Fees Paid by Learners
Funds for adult education programs and distance learning in upper secondary schools are determined by Parliament in the annual State budget. For these programmes, the State pays two thirds of the cost of tuition, while students normally pay one third or less, depending on their age and situation.
The running costs of operating lifelong learning centres are provided for by allocations in the annual State budget. Participants at courses run by the Institute of Continuing Education at the University of Iceland pay tuition fees that vary according to the length and the scope of the courses for which they enrol. Municipal-run schools receive financial support from the local community in question but must rely on tuition fees to make up for the rest of their costs.
Through the Education Fund, the State also co-finances courses for the unemployed and for vocational training in business and industry.
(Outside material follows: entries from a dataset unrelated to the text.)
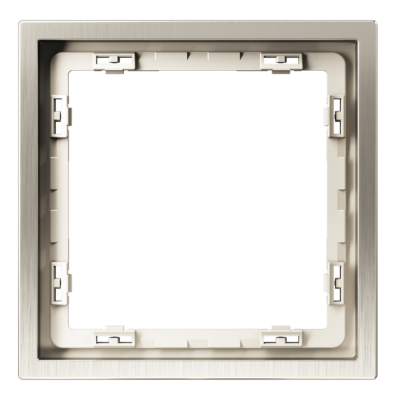 82a65981dec5cd69b2a7383dc0d95e95775ddc97.png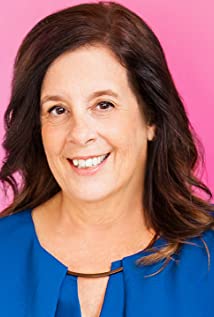 Robin S. Roth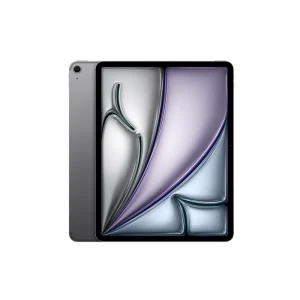 Tablet Apple iPad Air MH9M4TY/A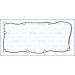 Dichtung, Zylinderkopfhaube Renault Twingo Ii 07 11093800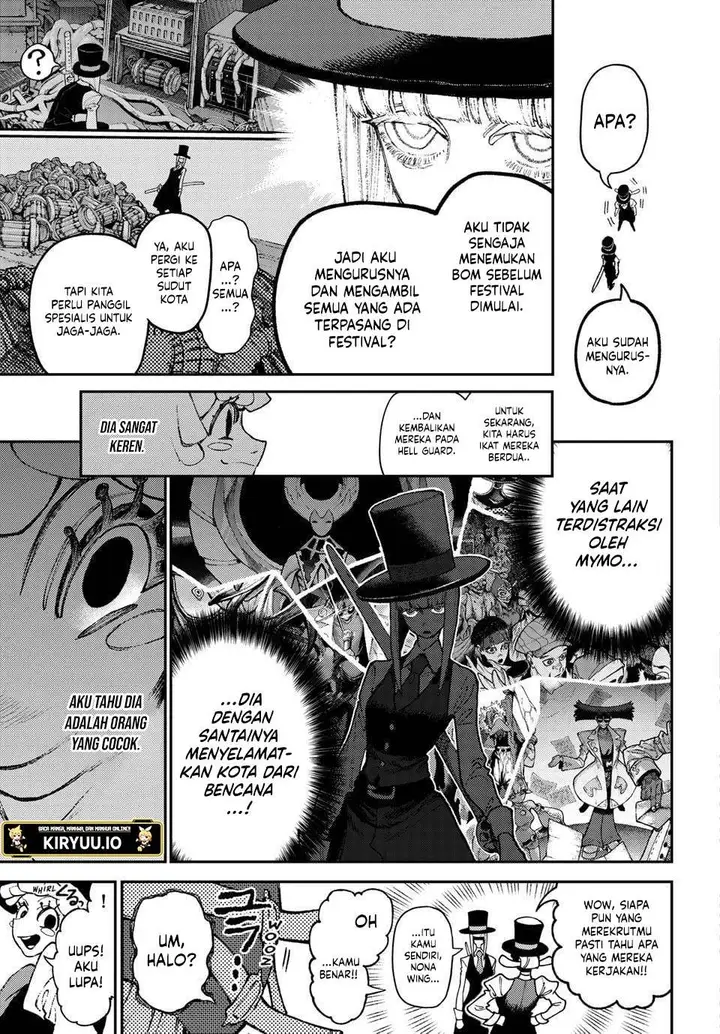 image-komik-gachiakuta-chapter-160-3/15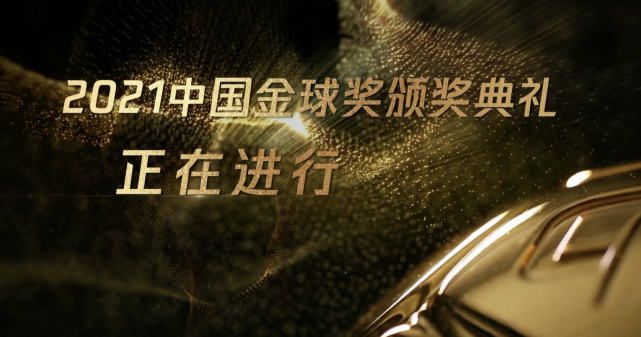久艹网站
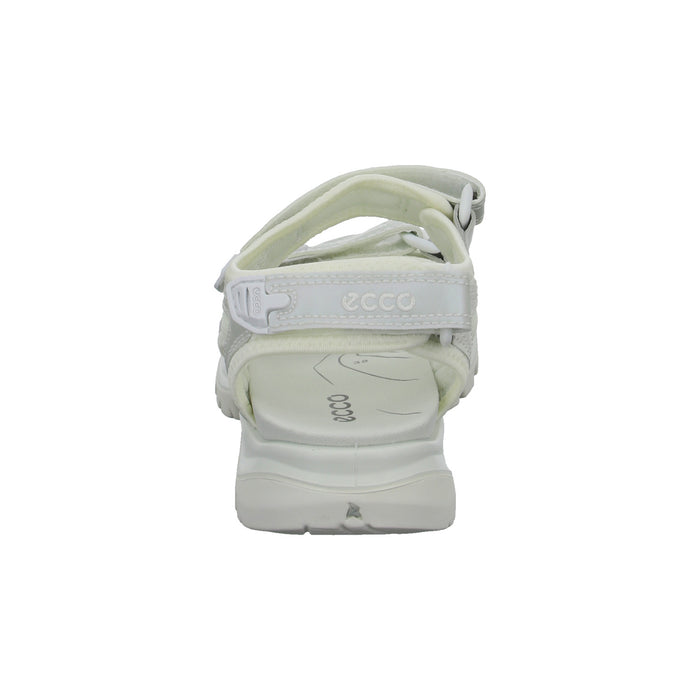 ecco Sporty sandals up to 30mm sole height ECCO OFFROAD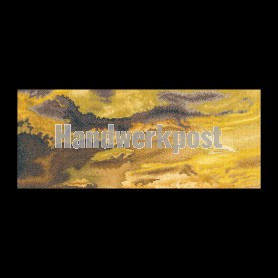 borduurpakket lucht-2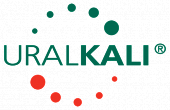 ПАО «Уралкалий» ПАО «Уралкалий»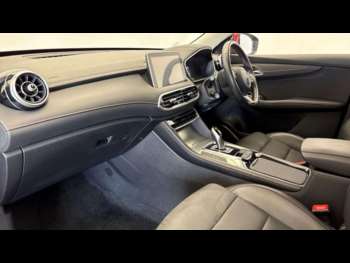Used MG MG HS 2024 for sale - 75237849: Photo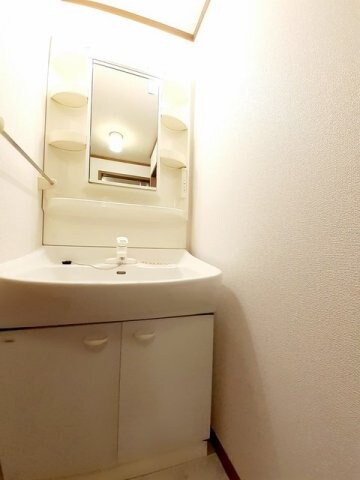 グリーンフィール２００１の物件内観写真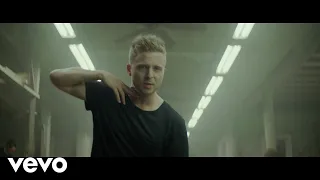 Capa da música Counting Stars, de OneRepublic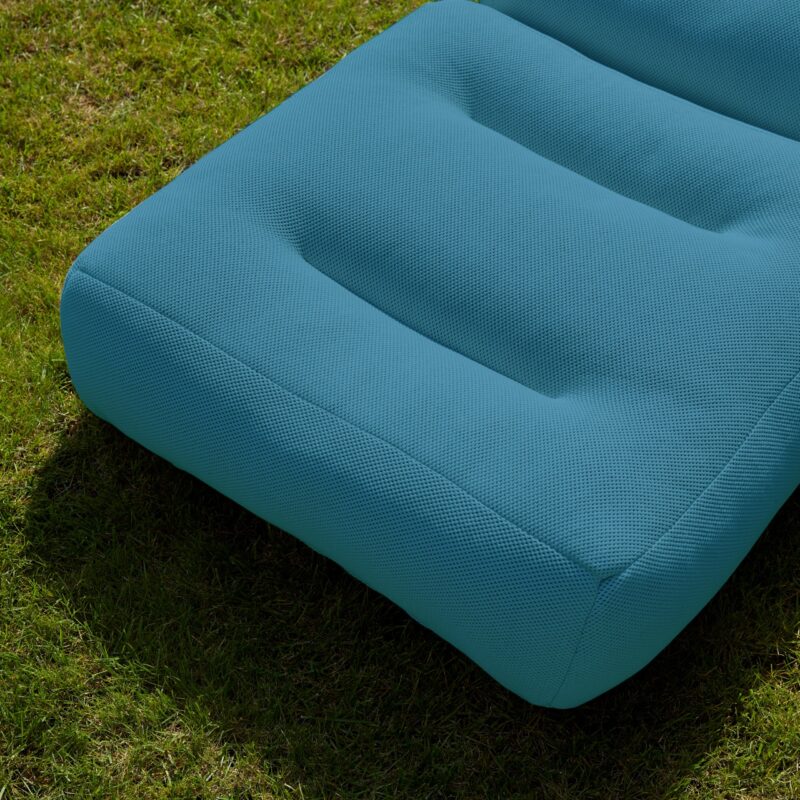 Sit Pool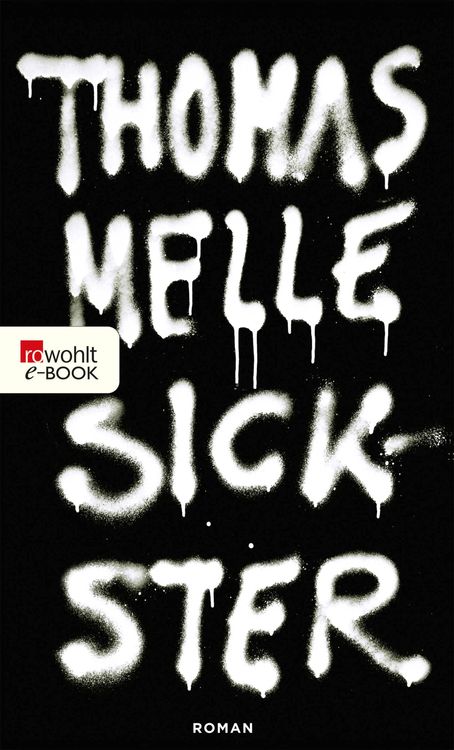 Produktbild: Sickster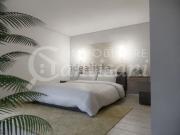 Appartamento in vendita di 92 m² in Via della Ninna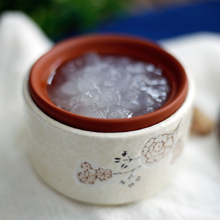 净油碎油 木瓜炖雪蛤 包退 包邮 雪蛤油 林蛙油 10克装 买50克送50克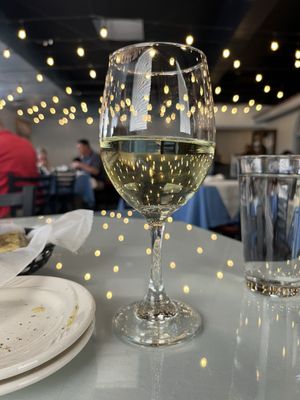 La Bella Vita Ristorante Italiano by null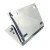 12-1.jpeg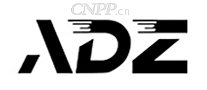 adz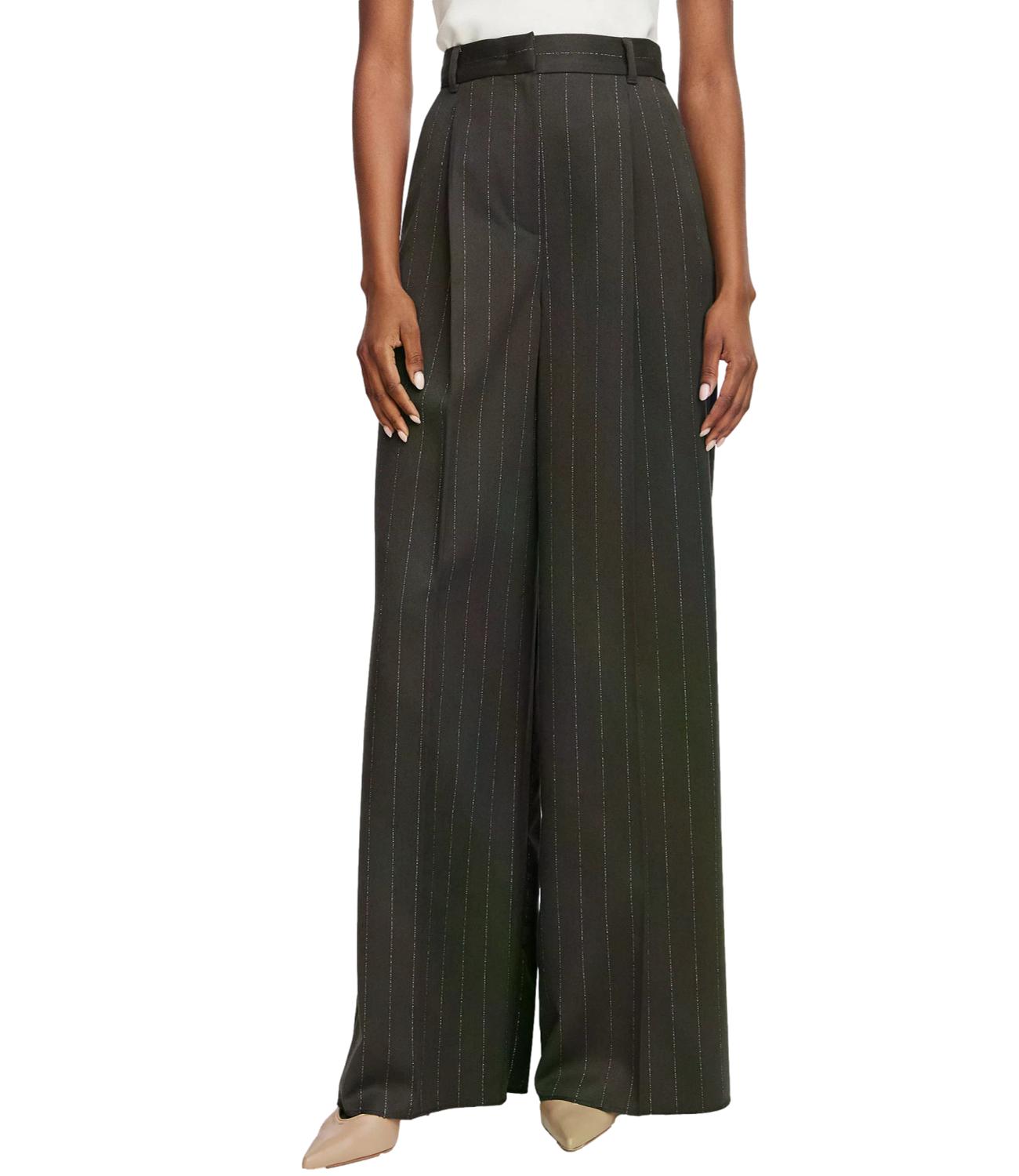 Pantalone Emme Marella 2625136211200 Donna - Testa Di Moro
Non-vocational non-formal adult education courses are generally paid for by participants, often co-funded by the individual’s employment unions.
Financial Support for Adult Learners
In many cases, collective agreements contain provisions that guarantee employees and civil servants the right to continuing education. The agreements also stipulate access to funds for continuing education. These funds or grants are non-refundable. Provisions may also in some cases guarantee travel and maintenance costs.
Unions, companies, institutions or organisations often pay tuition fees for individuals participating in adult education courses. This may include non-vocational non-formal adult education courses. Tuition fees may also be financed partly or fully by the State, as is the case with courses in Icelandic for immigrants, courses for the unemployed, and some courses for business and industry. Increasingly, professions and unions have training funds at their disposal. As a rule, the employer pays a certain proportion of employees’ wages into these funds.
An individual job-seeking programme for the unemployed includes training and education free of charge. The financing of the programme is provided for in the State budget and by the income of the Unemployment Insurance Fund.
Student loans are not common in continuing education. Grants may be available from some unions’ funds, such as teachers’ association funds. Tax relief to cover part of the cost of adult education does not exist, except in the case of special continuing education grants or allowances from unions, institutions, etc.
Private Education Funding
Various private institutions, companies and organisations provide continuing education and training. Most of them are fully private, but some of them can apply on a yearly basis for grants for some of their courses from public funds, such as the Vocational Education Fund. In that sense, these courses are partially grant-aided. Examples of private continuing education are language schools, schools offering ICT courses, workplace courses, hobby-related courses and the Mímir Centre for Adult Education. Special funding is also available for teaching adult immigrant Icelandic as a second language.
A grant-aided institution, the Education and Training Service Centre, is operated for young people aged 16 to 24, who have dropped out of education and not found a place for themselves on the labour market. The objective is to provide a range of training and education for the young people who work there, for which they are paid a salary equivalent to unemployment benefits.
The Education and Training Service Centre, established by the Icelandic Federation of Labour and the Confederation of Icelandic Employers, is a grant-aided institution which operates in accordance with a service agreement with the Ministry of Education, Science and Culture. The role of the Centre is to be a collaborative forum of the founding parties for adult education and vocational training in co-operation with other educational bodies operating under the auspices of the member associations, the Icelandic Federation of Labour and the Confederation of Icelandic Employers. The Centre targets those who have not completed the upper secondary level of education.